The sergeant came on the wire.
“Hello. This is Wiedenbeck.”
“This is Horne. How are you?”
“You asking about my health?”
Horne shrugged. “Well, I had to start with something. I have to send a report to the insurance company tonight. Did you make anything of that file card from Deebie Bridges’ files?”
“No more than you did, hot-shot. Nothing. Lots of suspicions of course, but they don’t add up, not yet.”
“I was afraid of that. How about the dope from the motor vehicle office? You said this afternoon you had wired them.”
There was a brief pause. Horne heard the rustling of paper. Wiedenbeck said, “Here it is. License number D-one million. By request, year after year.”
“D-one million,” Horne repeated laconically. “Delusions of grandeur maybe.”
“Maybe. Channy applied for a driver’s license in 1940, got it, applied for his first one-million a few weeks later, got it, and has held it ever since. He drove a new car, of various makes, each year for the years 1940, 1941, 1942 and 1946. One of the boys found that he’s on the waiting list for a 1947 Kaiser.”
“Money, money, money,” Horne whistled. “That guy is rolling in dough. I had a look at his apartment this afternoon. Nice landlady — very co-operative, that landlady.”
“Yeah,” Wiedenbeck cut in gently. “I was there a little while after you left. Much to my surprise she told me a police officer had just left.”
“Don’t get gentle with me, sergeant. I know you from away back, remember? I didn’t tell the old girl I was a police officer. I just let her look at my badge. I mentioned something about a quiet investigation. She took it from there.”
“You didn’t,” the sergeant pointed out, “correct the misimpression that you were from the police.”

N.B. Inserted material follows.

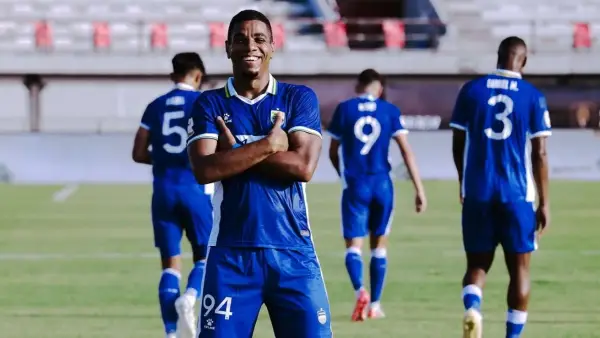 Selebrasi Uilliam Barros setelah mencetak gol untuk Persib Bandung ke gawang Persija Jakarta di Piala Presiden 2026 (Sumber: Instagram/@persib)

“Sergeant, a long time ago I learned not to attempt to change someone’s mind, once they had made it up. Especially a woman. They’re happier if you let them go along believing what they want to believe. I’ll swap you information.”
“About what, hot-shot?”
“I talked to the ticket agent at the Union Station a little while ago.”

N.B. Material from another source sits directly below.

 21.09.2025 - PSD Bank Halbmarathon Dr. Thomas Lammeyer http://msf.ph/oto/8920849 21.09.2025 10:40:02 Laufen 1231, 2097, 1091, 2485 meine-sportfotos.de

“What kind of a police force do you think we got here, Horne? That landlady told me, too, that Channy dropped out of sight one or two weeks every month. And left his car in the garage.”
“Well, it was a try. Didn’t want you to get the idea that I was always hanging around begging for information. Oh — do you know about the Credit Bureau, it—”
“Horne.”
“Yeah, what?”
“Exactly what are you after?”
“Information.”
“I know,” dryly, “but what particular piece of information?”